An academic discovers the realities of design

Donald Norman, Apple Computer

Seminar on People, Computers, and Design
Stanford University December 2, 1994


We are indeed in the midst of a most interesting technological revolution, one which joins communication, computation, and entertainment. Things are moving rapidly, and in another century, the way we live our lives will have been transformed rather dramatically, perhaps equivalent to the past one hundred years in which my parents, for example, started in a world where horses were the main transportation, the telephone was not in widespread use, and people rarely traveled more than a few miles from their homes during their entire lives.

Today, in HCI courses around the world, we worry about the details of today's technology. We have lofty theories, lofty ideas. But what is the relationship between the ideals of the world of academics and of design and the world of industry? Hmm. Why do you think there should be any relationship?

The world of industry is driven by the business model: what sells. Indeed, my current standard talk to conferences is entitled: "Trends in the Computer Industry: Life-Long Subscriptions, Magical Cures, and the Search for Profits Along the Information Highway"

So in this talk, let me tread a dangerous walk along the boundary between hope and despair. One the one hand, I will argue that artifacts of technology can indeed make us smart, that we are in the midst of most interesting times. On the other hand, I will also argue that those in power are primarily driven by their perception of the marketplace, that if we are not careful, hollywood standards will dominate the information industry -- low standards in culture, low standards in content, high standards in glitter, and a price for everything.

Is there a positive side to this? yes. But it will require consierable change, including reorganizing how companies develop product. The theory of HCI is the easy part: restructuring the industry so that our dreams can actually occur is the hard part.


Donald A. Norman is an Apple Fellow at Apple Computer and Professor Emeritus at the University of California, San Diego where he was founding chair of the department of Cognitive Science. He was one of the founders of the Cognitive Science Society and has been chair of the society and editor of its journal, Cognitive Science. He is a fellow of the American Academy of Arts and Sciences.

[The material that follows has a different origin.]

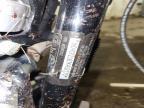 2007 Harley-Davidson XL883 C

"The technological problems today," says Norman, "are sociological and organizational as much as technical. In this new age of portable, powerful, fully-communicating tools, it is ever more important to develop a humane technology, one that takes into account the needs and capabilities of people." Norman is the author of the book "The Design of Everyday Things." His most recent books are "Turn Signals Are the Facial Expressions of Automobiles" and "Things That Make Us Smart." All three books are now available on a Voyager CD-ROM - Defending human attributes in the age of the machine - complete with video talks, demonstrations, collected papers, and even examinations.